The statue is considered to be the masterpiece of the city born sculptor Kamaran Omar (40 years). It is made of bronze and 32 feet high. It is depicting the Pasha on his horse with one front leg up. It is argued that the memorialization of a historical figure is an appreciation for the historical turning points or a series of events lead by the commemorated person such as the Pasha’s long term aspiration and efforts to build a city for his own people.
Commemorating historic events and figures means praising one’s past, a time we have the desire to return to. Commemoration and national ceremonies are moments in which collective memories can be manifested and collective emotions are provoked. Hence these occasions make people feel more proud and patriotic. Accordingly the collective identity, full of pride and excitement, is strengthened.
The inauguration of the equestrian statue of Ibrahim Pasha in the heart of the city’s central park was aired live on local TV channels, the speakers including the great-great-grandson of Ibrahim Pasha were talking using deictic linguistic forms such as first-person plural expressions and other indications of ‘imagine communities’ in Benedict Anderson sense of the word. It is hard to describe the scene which was overwhelmed by instances of intense collective emotions that cannot be categorized under one single label.
There was inexplicable collective emotional manifestation; I would say a collective nostalgic emotion which there is no expression to epitomize it. It was hard for me to put these incommensurable collective emotions laden with mixed feelings into a single word or expression to describe. It was a time of witnessing some sort of contradictive or juxtaposing feelings such as pride / distress, achievement / loss and triumph / failure.

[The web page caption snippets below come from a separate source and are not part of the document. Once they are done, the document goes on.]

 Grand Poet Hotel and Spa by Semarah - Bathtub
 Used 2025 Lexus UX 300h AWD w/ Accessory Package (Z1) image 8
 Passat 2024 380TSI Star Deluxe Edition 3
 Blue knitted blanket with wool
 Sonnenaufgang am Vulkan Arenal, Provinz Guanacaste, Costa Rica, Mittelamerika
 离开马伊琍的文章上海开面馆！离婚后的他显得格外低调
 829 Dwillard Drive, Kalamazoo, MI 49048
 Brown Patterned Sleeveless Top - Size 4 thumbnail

Several years ago during my MA study in the UK, I once asked one of my British friends about why there isn’t an English equivalent for the Dutch word schadenfreude. ”That’s because we (British) don’t have such feelings” he replied ironically.

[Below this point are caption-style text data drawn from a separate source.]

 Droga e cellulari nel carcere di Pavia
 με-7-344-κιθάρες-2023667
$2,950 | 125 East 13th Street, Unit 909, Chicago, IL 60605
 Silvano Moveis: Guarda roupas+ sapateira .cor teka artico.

Some feelings are universal, schadenfraude could be one of them but without taking sociocultural differences into account one can’t understand what does it mean or how does it like to have such feeling.
There are emotions and feelings specific to people who went through various historic sociopolitical metamorphoses; feelings you may never know what is like if you haven’t been in their position for once.
Similar to other stateless nations such as Quebec, Catalonia, Scotland, and Palestine, Kurds have been struggling to build their own nation-state because they were and still are marginalized with the existing ones. All hopes for the future have been pinned on the nation-state. Last year’s fiasco referendum for independence which was held on September 25th 2017, had formed new types of group belongingness (affiliation) emerging from the state of feeling being marginalized locally and neglected globally.
In the ceremony of revealing Ibrahim Pasha’s statue, people were looking at the statue of ‘the man‘ who built a city, but it seemed like deep inside they were and continue to look for long time for ‘a man’ who will build a state for them, that’s to say “we had Ibrahim Pasha who established a city but never had one to establish a state, we are commemorating our past, but more concerns are for the future”. This unique collective nostalgia can hardly be noticed in other nations. On that day there was a sense of engouement (if I may borrow from French) amongst the gathering crowed. For now Kurdish people are celebrating their ancestor’s triumph of bulling a quasi-classical city-state but disappointed of not-being able to build a nation-state.
In its temporal and spatial implications, nostalgia reproduces a desire to reenact a “real” place (city/ nation /country/) in an absolute time, a sort of emotion that glorifies the past, despises of the present. That day the people in the middle of Sulaimani city had a nostalgic sentiment loaded with yearning for the same place but in the past time. It is a sense of nostalgia in Boym’s word which spontaneously put emphasis on both Nosto and Algia, it dwells in longing and loss, and simultaneously proposes to rebuild the (state) home, in other words it is both restorative and reflective nostalgia.